On Tuesday, Gallup's seven-day tracking poll had Barack Obama and Mitt Romney tied at 46%. With the incumbent stuck below 50% on the ballot and Mr. Romney's favorability rising, the Republican challenger has a good shot at winning.
To take the White House, Mr. Romney needs 270 votes in the Electoral College. A "3-2-1" strategy will get him there.
If Mr. Romney carries the states John McCain won in 2008 and regains Nebraska's second district (the state awards three of its five electoral votes by congressional district, the other two to the statewide winner), the Electoral College will be 14 votes closer than the 365-to-173 total in 2008. That's because the 2010 Census cost blue states such as Massachusetts, New York and Illinois congressional seats—and electoral votes—while red states such as South Carolina, Georgia and Texas gained seats.
None of Mr. McCain's states appear in real jeopardy for the GOP this year.
After this initial hurdle, Mr. Romney's victory road starts with "3"—as in Indiana, North Carolina and Virginia, a trio of historically Republican states. In 2008, Mr. Obama won by narrow margins in Indiana (barely 1%) and North Carolina (0.32%).

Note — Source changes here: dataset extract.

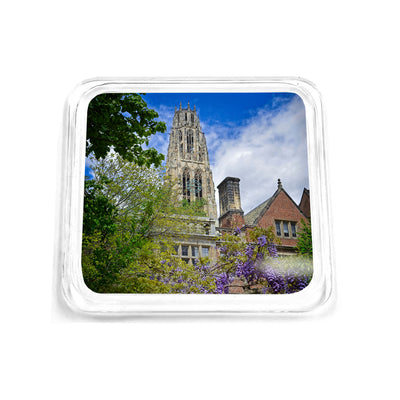 Yale Bulldogs - Springtime Harkness Tower Drink Coaster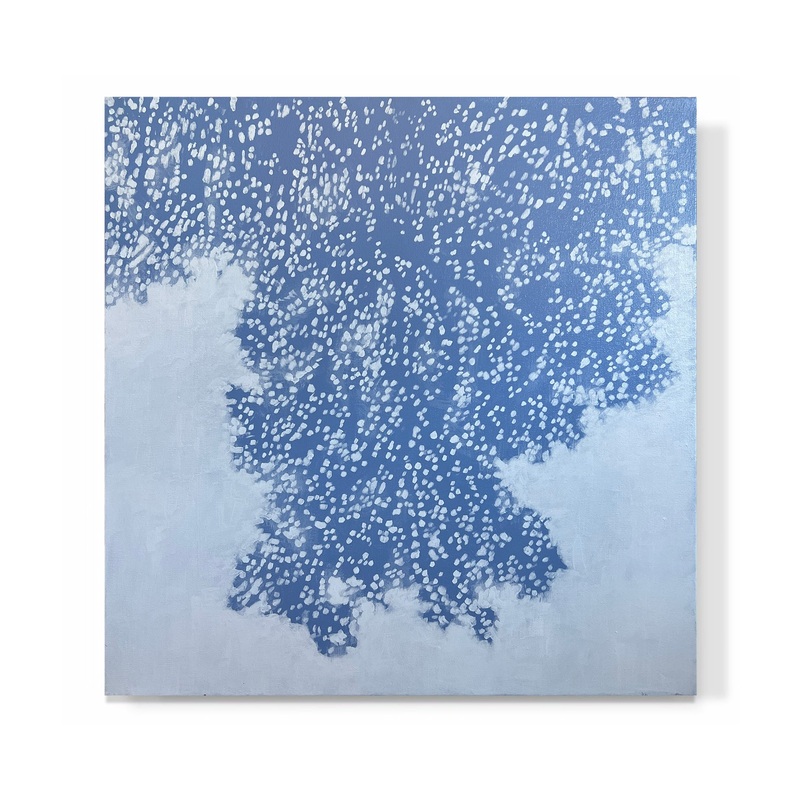 “Small Canopy X”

Today, even Team Obama doesn't pretend Indiana is in play. North Carolina also appears to be sliding away from the president: A May 14 Rasmussen poll of likely voters showed 51% for Romney, 43% for Obama. Virginia, on the other hand, will likely remain a battleground through Election Day. Mr. Obama carried it by more than six points and remains ahead by a little more than three points, according to the RealClearPolitics average of state polls.
Nevertheless, if Mr. Romney can put these states' combined 39 electoral votes back into the GOP column, the Electoral College vote would be 319 for Mr. Obama, 219 for Mr. Romney.
Next up is "2"—as in Florida and Ohio. They flipped from Republican in 2004 to Democratic in 2008. Both were close—a 2.8% margin for Mr. Obama in the former and 4.6% in the latter.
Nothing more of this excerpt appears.